De quoi ça parle ?
En 2044, dans un univers dystopique qui ressemble beaucoup au nôtre, l’intelligence artificielle a pris une importance majeure dans le monde professionnel. Pour avoir une chance de retrouver du travail, les êtres humains doivent impérativement se débarrasser de tout affect, de toute émotion, pour cibler une efficacité à peu près comparable à celle des ordinateurs. Gabrielle (Léa Seydoux) accepte donc de se livrer à un programme de reconditionnement qui consiste à lui faire revivre certaines de ses vies antérieures et se confronter à ses émotions pour purifier son ADN.

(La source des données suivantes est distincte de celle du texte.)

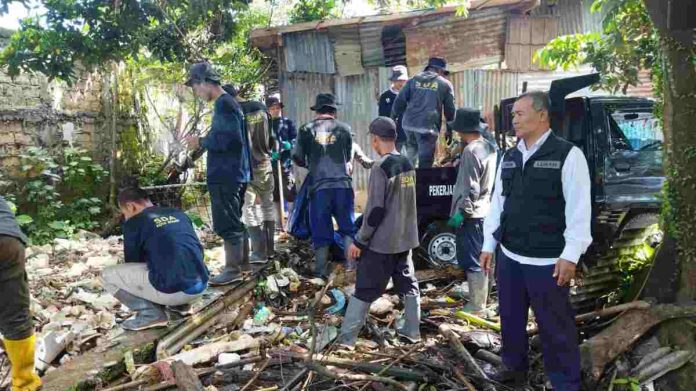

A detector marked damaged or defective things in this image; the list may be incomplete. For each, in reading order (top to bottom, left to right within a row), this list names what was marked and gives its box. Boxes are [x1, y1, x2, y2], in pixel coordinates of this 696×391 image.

rusted metal sheet [284, 31, 336, 74]
rusted metal sheet [330, 25, 368, 76]
rusted metal sheet [402, 8, 512, 72]
rusted metal sheet [532, 0, 604, 35]
rusted metal sheet [278, 71, 334, 129]
rusted metal sheet [448, 69, 520, 114]
rusted metal sheet [334, 71, 380, 191]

La jeune femme est donc replongée à deux époques différentes, dans deux lieux différents, où elle peut revivre ses rencontres avec Louis (George MacKay).

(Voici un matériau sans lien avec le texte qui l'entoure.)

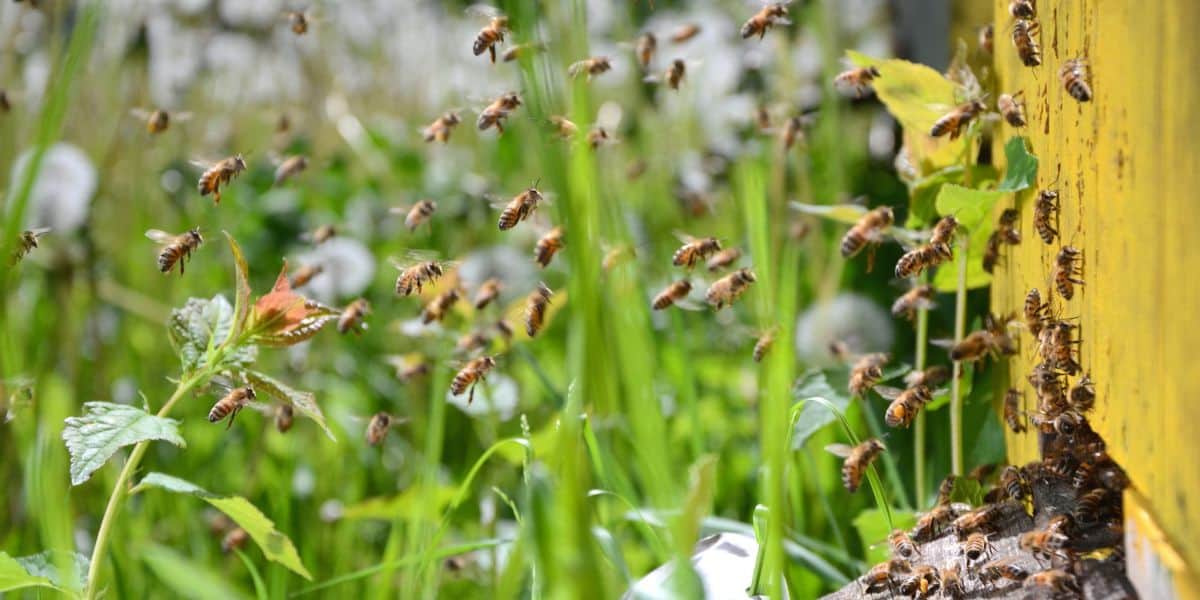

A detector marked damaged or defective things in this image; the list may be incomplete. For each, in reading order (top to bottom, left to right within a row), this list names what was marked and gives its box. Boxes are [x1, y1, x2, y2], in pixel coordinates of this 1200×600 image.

peeling yellow paint [988, 0, 1200, 588]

Elle se retrouve d’abord dans le Paris de l’année 1910, peu de temps avant la grande crue de la Seine. Gabrielle, mariée à un homme du monde, fait la connaissance de Louis et se retrouve troublée par la cour que lui fait le jeune homme.
Elle est aussi replongée dans sa vie précédente, en 2014, à Los Angeles, où un tremblement de Terre lui permet de rencontrer à nouveau Louis, garçon solitaire et passablement perturbé, frustré de ne pas trouver la femme qui saura apaiser ses tourments.

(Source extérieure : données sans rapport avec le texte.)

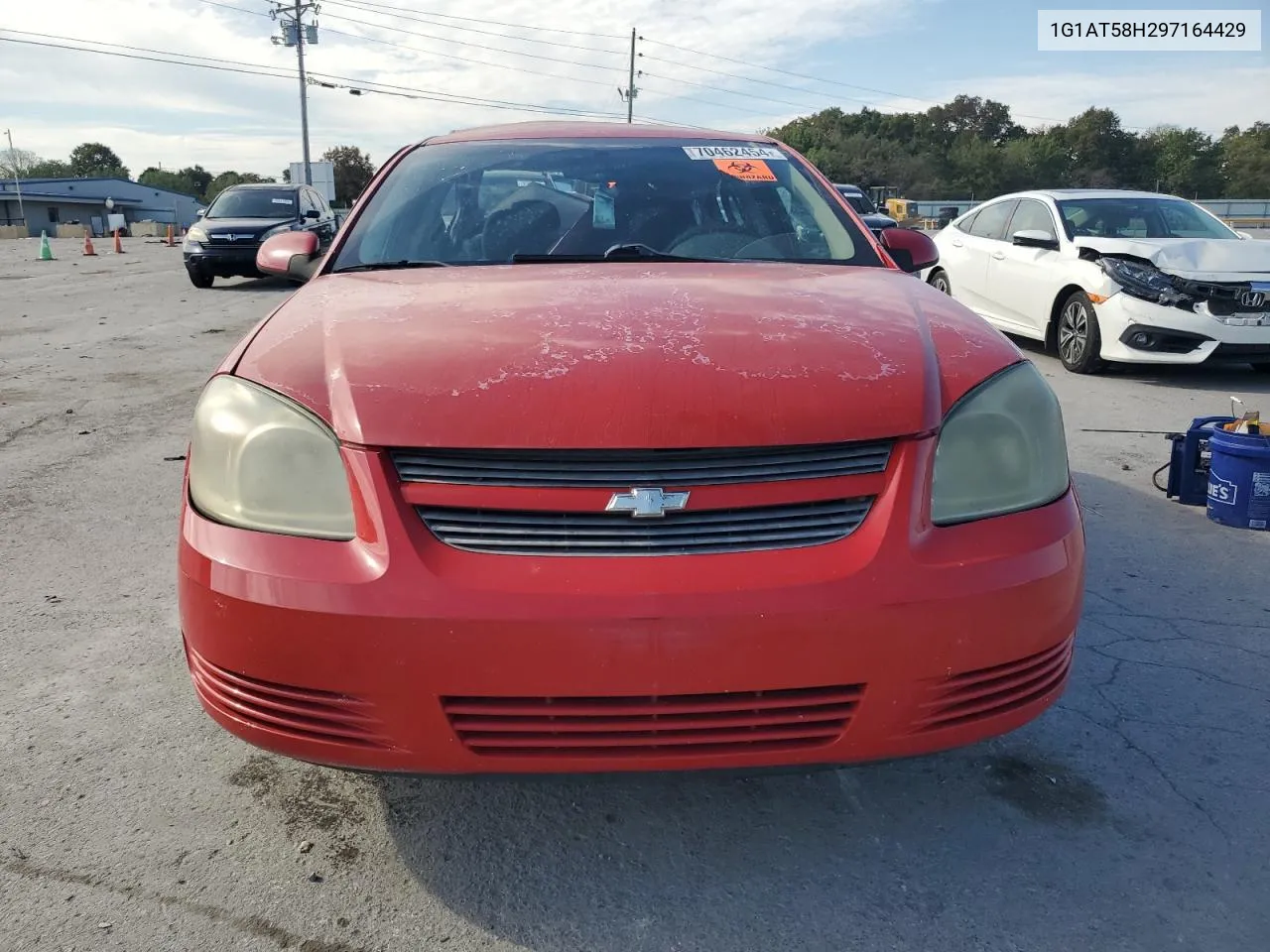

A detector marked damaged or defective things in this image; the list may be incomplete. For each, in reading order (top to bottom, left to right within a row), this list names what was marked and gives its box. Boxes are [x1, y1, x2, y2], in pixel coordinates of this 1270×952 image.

damaged white sedan [924, 187, 1270, 375]
pavement crack [0, 858, 370, 952]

Pourquoi on adore (et pourquoi on adorera aussi dans nos vies futures) ?
Le nouveau film de Bertrand Bonello est déjà une libre adaptation de la nouvelle de Henry James, “La Bête dans la jungle” (1). Comme lui, il traite d’une relation sentimentale perturbée par la menace d’une catastrophe imminente et, plus généralement, par la peur de s’engager ou la peur d’aimer.
La partie contemporaine au texte d’origine, celle se déroulant au début du XXème siècle, reprend à peu près la trame de la nouvelle, en inversant les rôles. Gabrielle et Louis se rencontrent à l’occasion d’une soirée mondaine et leurs échanges laissent deviner qu’ils se connaissent déjà et ont eu une brève relation sentimentale, quelques années auparavant. Entretemps, la jeune femme s’est mariée, mais elle accepte de revoir son ancien soupirant. Très vite, puisque la complicité est toujours là, ils abordent la question d’amorcer une relation sentimentale, mais ne parviennent jamais à se lancer. L’originalité, ici, est que leur relation continue de se développer à travers les époques. En 1910, c’est Gabrielle qui se montre réticente à l’idée d’entamer une liaison avec Louis. En 2014, c’est Louis qui a plus de mal à accepter l’offre de Gabrielle, trop abîmé par ses expériences précédentes avec les femmes et la sensation de n’avoir jamais connu l’amour. En 2044, ils auront encore l’opportunité de se retrouver, mais est-ce encore possible dans un monde sans émotions?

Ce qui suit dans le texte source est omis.